WHAT THE TASK ASKS: Exact copies of the lines below are the goal; any images in them are dropped.

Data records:
►

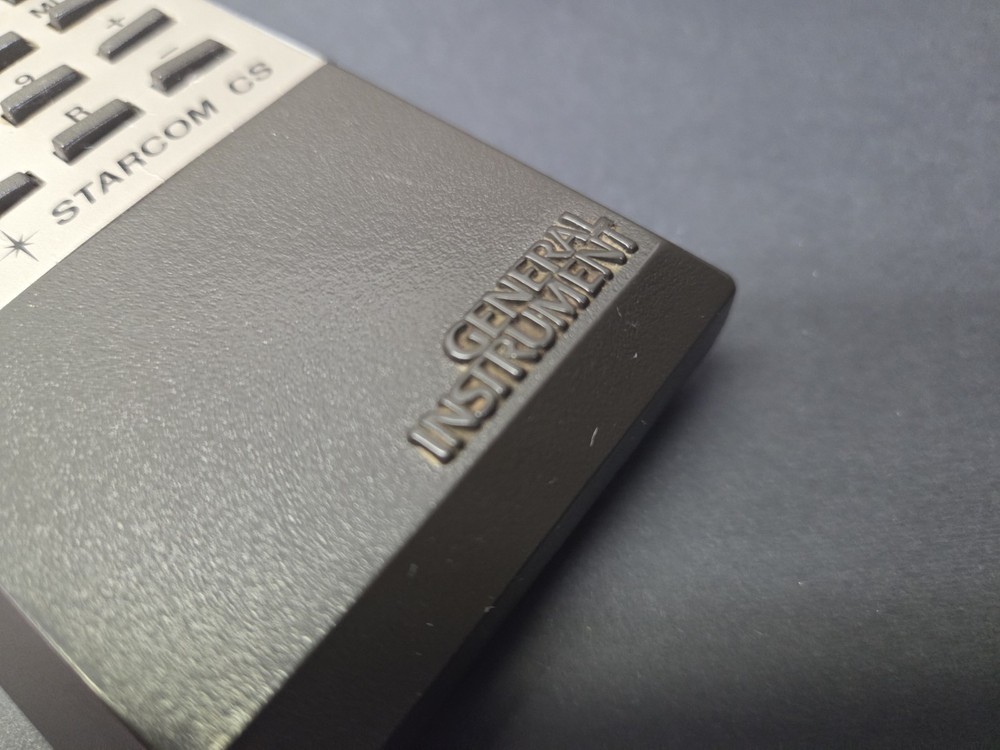 VTH Jerrold Starcom CS General Instrument CATV Converter Remote/Volume/Manual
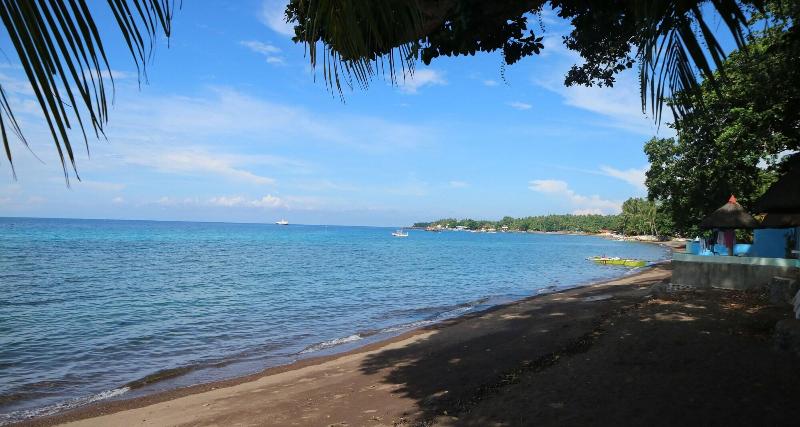Отель Camiguin Island Golden Sunset Beach Club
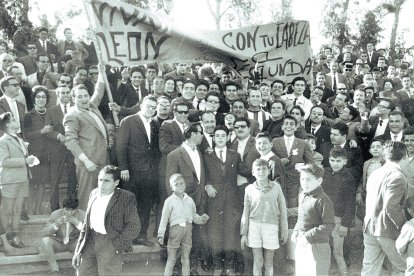 Paco León recibiendo un trofeo el día de su homenaje en el estadio de la Falange, el 19 de marzo de 1963.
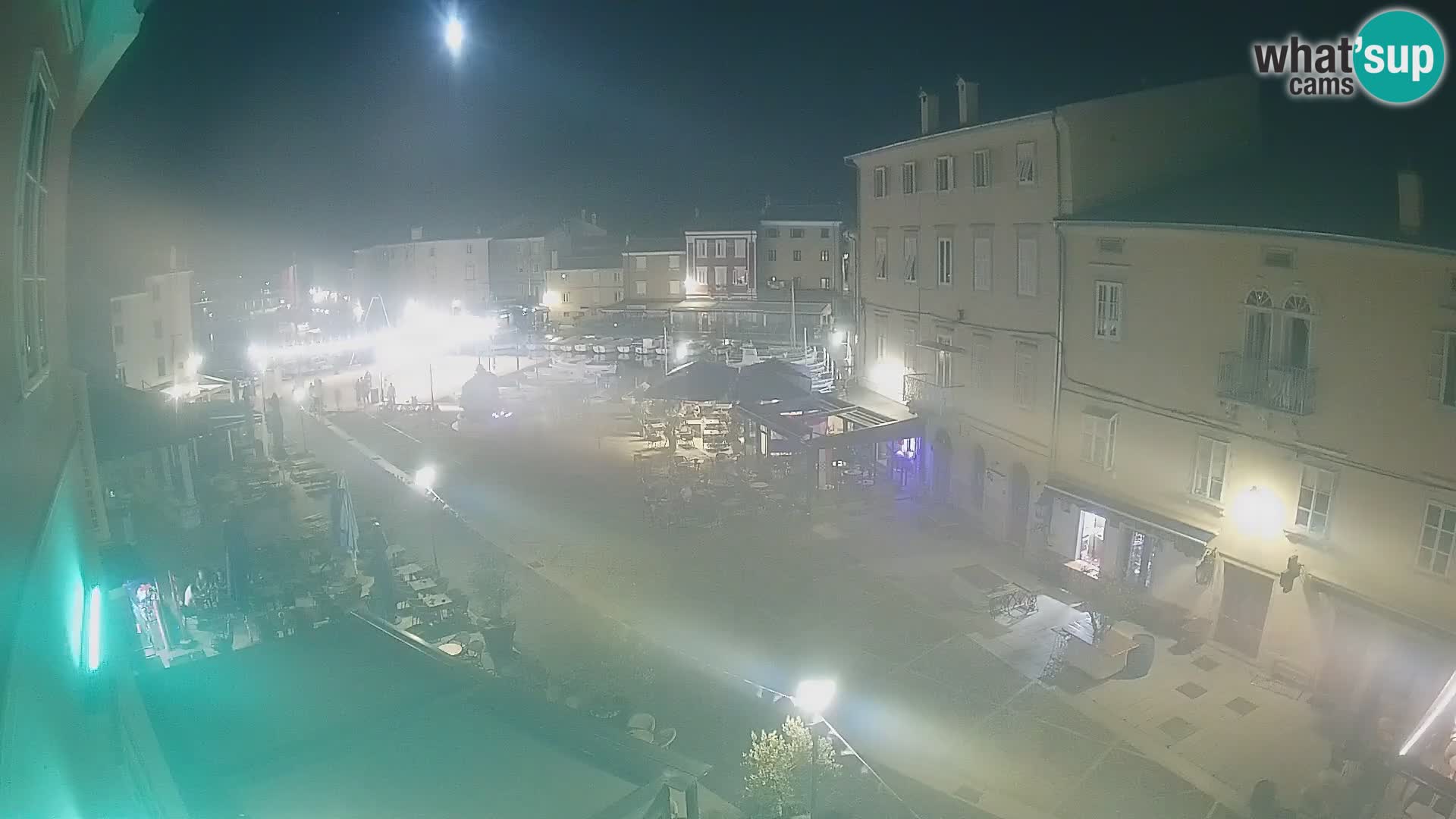 LIVE cam Cres city – place principale et “mandrač” – île de Cres – Croatie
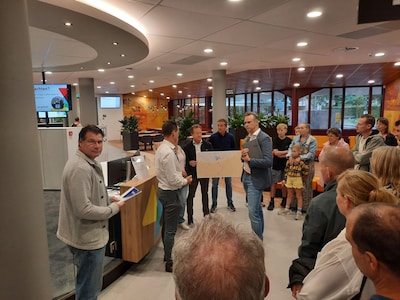 Tientallen buurtbewoners naar gemeentehuis om plan hondenpension tegen te houden: ‘Willen jullie hie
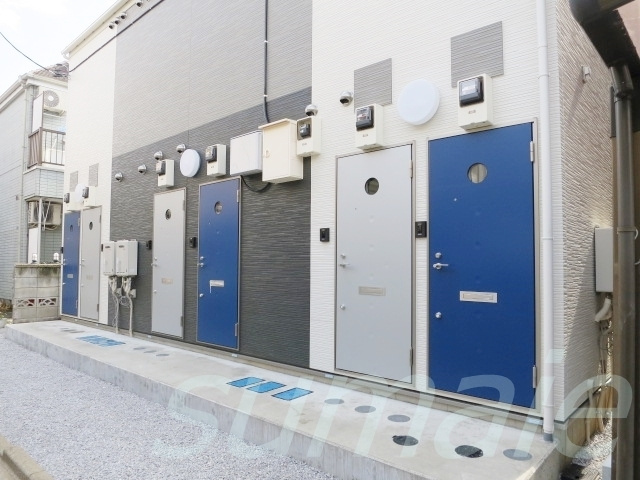 レジデンツ赤羽のロビー|戸別玄関です☆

◄

EXPECTED ANSWER:
 VTH Jerrold Starcom CS General Instrument CATV Converter Remote/Volume/Manual
Отель Camiguin Island Golden Sunset Beach Club
 Paco León recibiendo un trofeo el día de su homenaje en el estadio de la Falange, el 19 de marzo de 1963.
 LIVE cam Cres city – place principale et “mandrač” – île de Cres – Croatie
 Tientallen buurtbewoners naar gemeentehuis om plan hondenpension tegen te houden: ‘Willen jullie hie
 レジデンツ赤羽のロビー|戸別玄関です☆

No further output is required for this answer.